◆ Requirement: Repeat the listing exactly. Do not carry over any pictures.

◆ Supplied material:
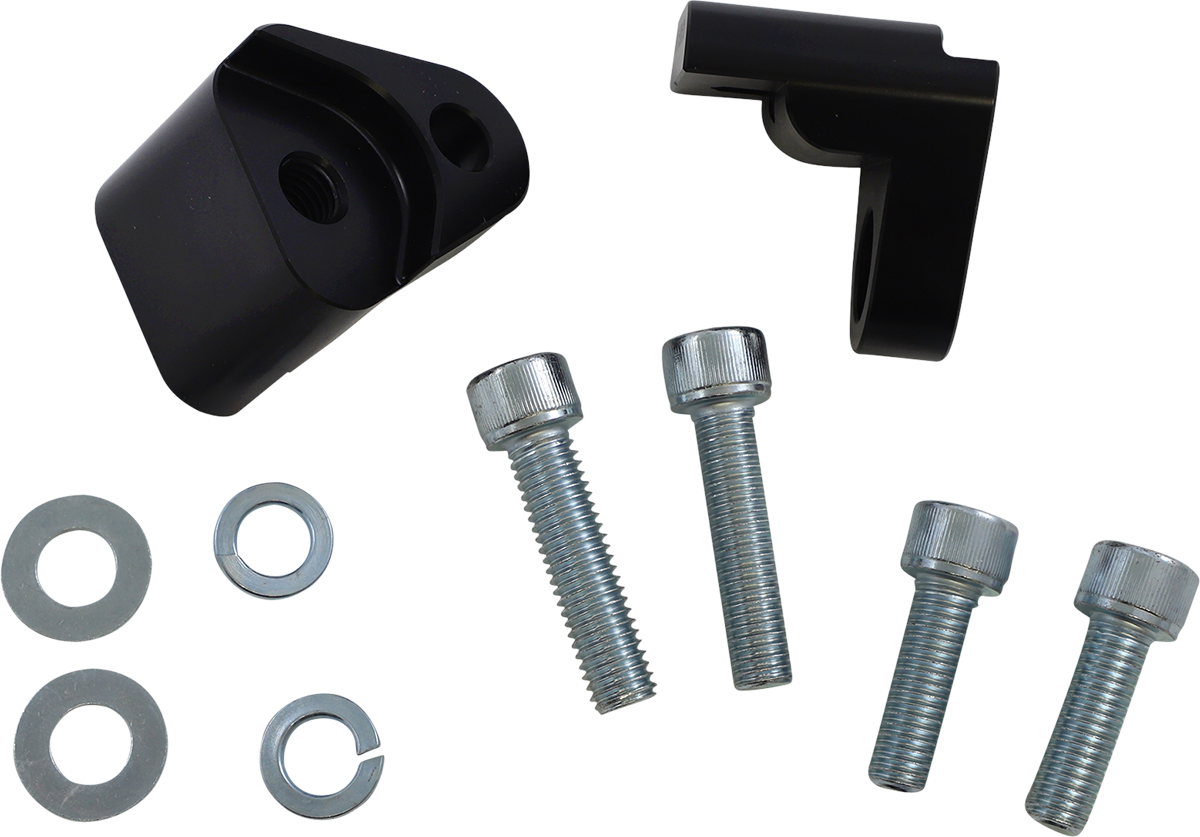 ARLEN NESS Rear Shock Lift Kit +1" - Black 140-000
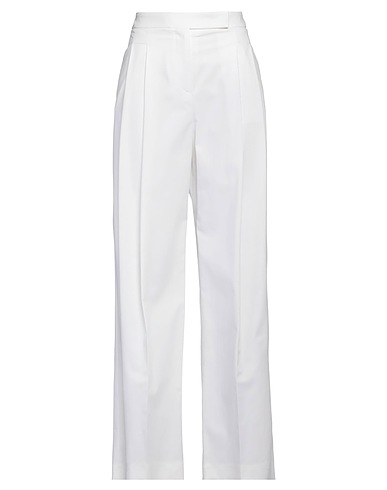 ELEVENTY Casual trouser White 50% Cotton, 48% Lyocell, 2% Elastane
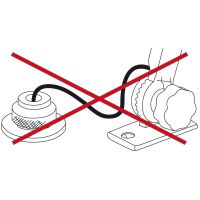 Asta luminosa abbattibile con fili invisibili completa di fanale di fonda Evoled 360° - foto 3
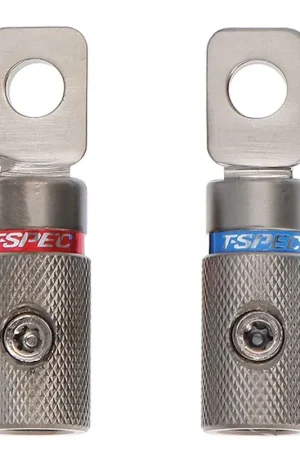 In Demand T-Spec VR48 V10 Heavy Duty Set Screw Terminals - 4 AWG - 2 Pack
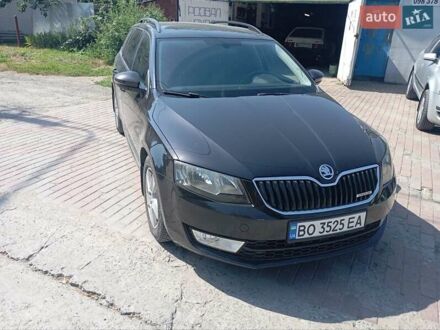 Черный Шкода Октавия, объемом двигателя 1.6 л и пробегом 267 тыс. км за 9500 $, фото 1 на Automoto.ua
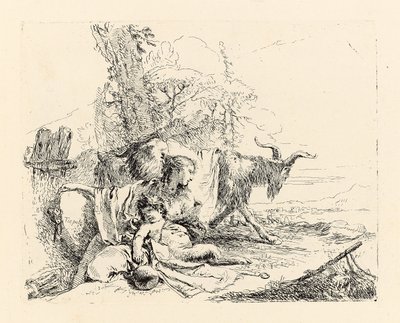 Vari Capricci, ennen vuotta 1750 tekijältä Giovanni Battista Tiepolo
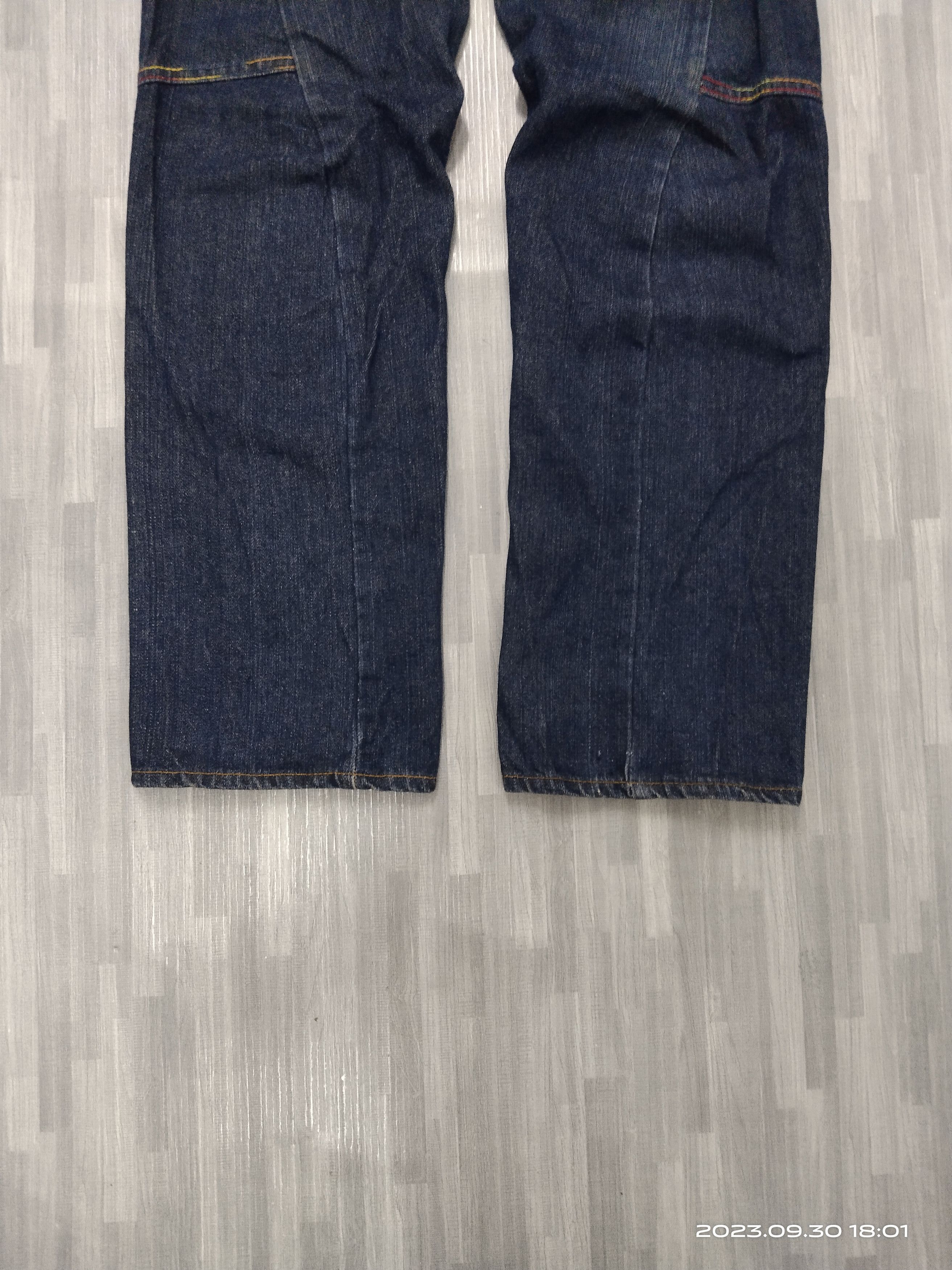Japanese Brand DOUBLE WAIST TACTICAL BREATHMINT DENIM PANTS Size US 30 / EU 46 - 6 Thumbnail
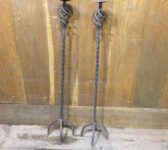 Tall Cast Iron Candlesticks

◆ Answer below:
 ARLEN NESS Rear Shock Lift Kit +1" - Black 140-000
 ELEVENTY Casual trouser White 50% Cotton, 48% Lyocell, 2% Elastane
 Asta luminosa abbattibile con fili invisibili completa di fanale di fonda Evoled 360° - foto 3
 In Demand T-Spec VR48 V10 Heavy Duty Set Screw Terminals - 4 AWG - 2 Pack
 Черный Шкода Октавия, объемом двигателя 1.6 л и пробегом 267 тыс. км за 9500 $, фото 1 на Automoto.ua
 Vari Capricci, ennen vuotta 1750 tekijältä Giovanni Battista Tiepolo
Japanese Brand DOUBLE WAIST TACTICAL BREATHMINT DENIM PANTS Size US 30 / EU 46 - 6 Thumbnail
 Tall Cast Iron Candlesticks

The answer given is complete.